Fraichement revenu de Barcelone, je ne peux m’empêcher de parler de la plus grande fierté des Barcelonais (et des Catalans) en terme d’architecture : Gaudi.
Plutôt que de faire un exposé sur sa vie, son œuvre, et sur le courant moderniste Catalan dont il faisait parti, j’ai pensé que vous livrer les impressions que j’ai eu en voyant quelques unes de ses réalisations serait plus intéressant.
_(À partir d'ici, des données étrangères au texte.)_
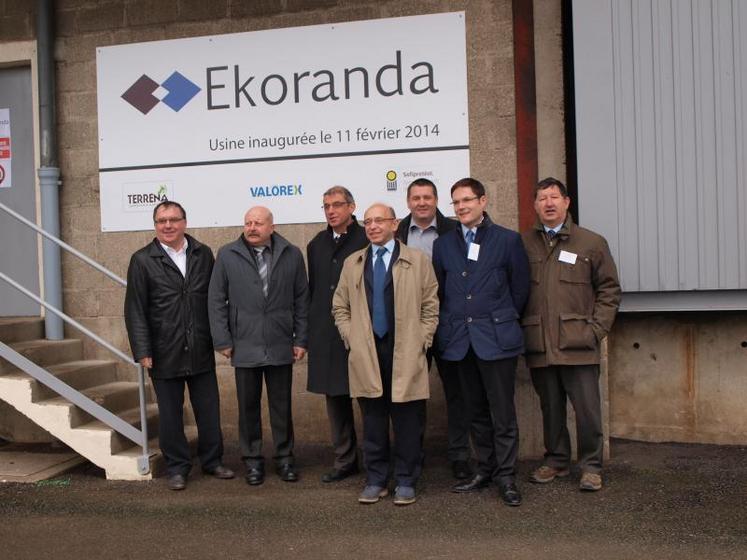 Les représentants de Terrena, Terrena Poitou, Sofiprotéol et Valorex ont inauguré et fait visiter l’usine Ekoranda mardi dernier.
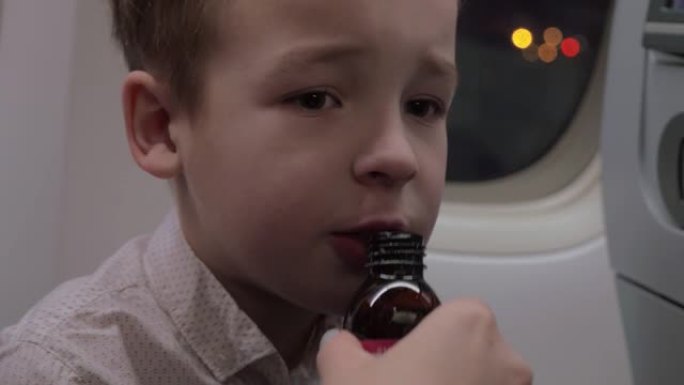 飞机上的孩子吃药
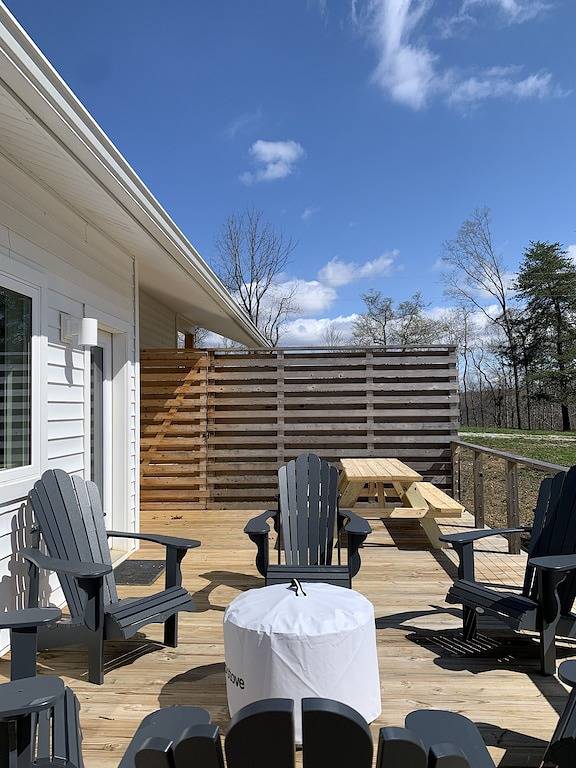 Natty by Nature – Secluded Dale Hollow Lake Cabin surrounded by Woods & Water in Dale Hollow Lake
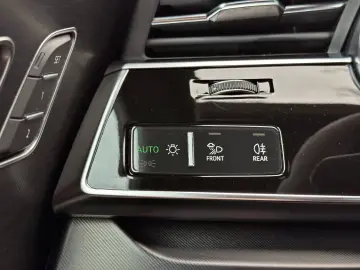 AUDI RSQ8 performance 2xCARBON KERAMIK HUD NIGHT OLED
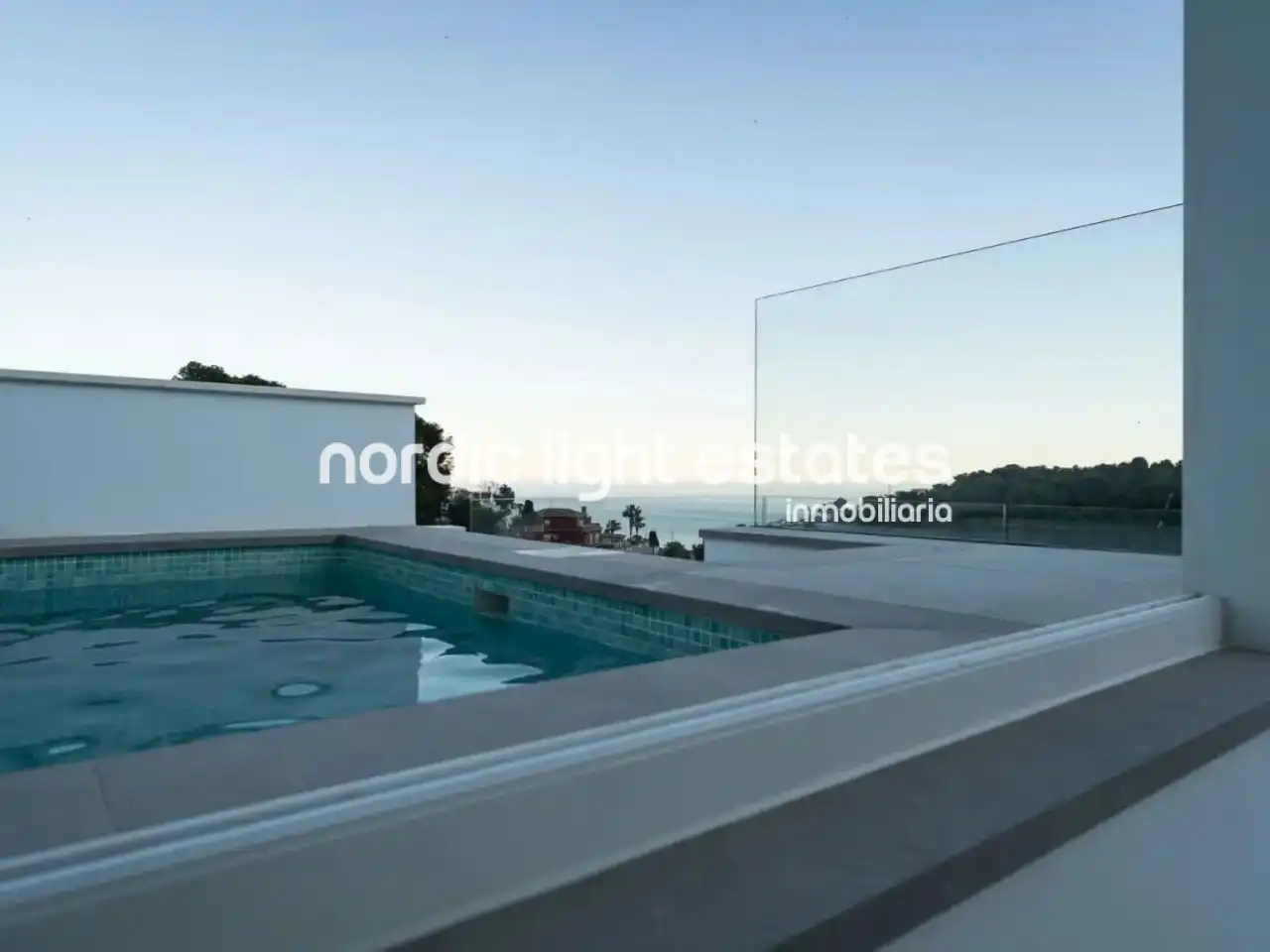 Vista exterior de Casa o chalet en venta en Almuñécar con Aire acondicionado, Terraza y Piscina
C’est d’ailleurs le moins que l’on puisse faire tant Gaudi semble avoir pris plaisir à jouer avec nos sens.
La découverte : Visite de la Casa Batlló
Pour moi, le voyage à Gaudi land a commencé à la Casa Batlló (prononcez baôtillo pour faire local), un immeuble dont chacun ou presque connait la façade délirante. Mélange de forêt, de carnaval, de plage et d’écailles, plus rien ne rappelle l’immeuble classique dont Josep Batlló i Casanovas avait commandé la réhabilitation en 1904.
La façade de la Casa Batllo
Maniant comme personne les matériaux, les formes, les couleurs, Gaudi a construit cette maison en ne dessinant presque aucun plan, et s’est appuyé sur ses maquettes pour diriger les ouvriers du chantier. Telle une œuvre d’art, la Casa Batlló semble nous prendre à parti pour savoir quelle interprétation nous avons de l’agencement de ses pièces, de l’emplacement d’une porte, ou de la raison d’un choix de couleur. Rentrer dans la Casa Batlló, c’est se retrouver face à une question que l’on nous a posé tant de fois durant notre scolarité, mais avec l’immense avantage qu’il n’est pas nécessaire de lever la main pour prendre le parole. « qu’est-ce que l’auteur cherche à nous dire« . Bien peu d’édifices font cet effet, car ce n’est ni un joyau comme peut l’être une cathédrale, ni un écrin comme peut l’être un musée. Devant l’incongruité de ce qui s’offre au regard, c’est directement « l’auteur » que l’on cherche à atteindre. Qui a pu concevoir une telle chose, qui est donc capable de réaliser cela ?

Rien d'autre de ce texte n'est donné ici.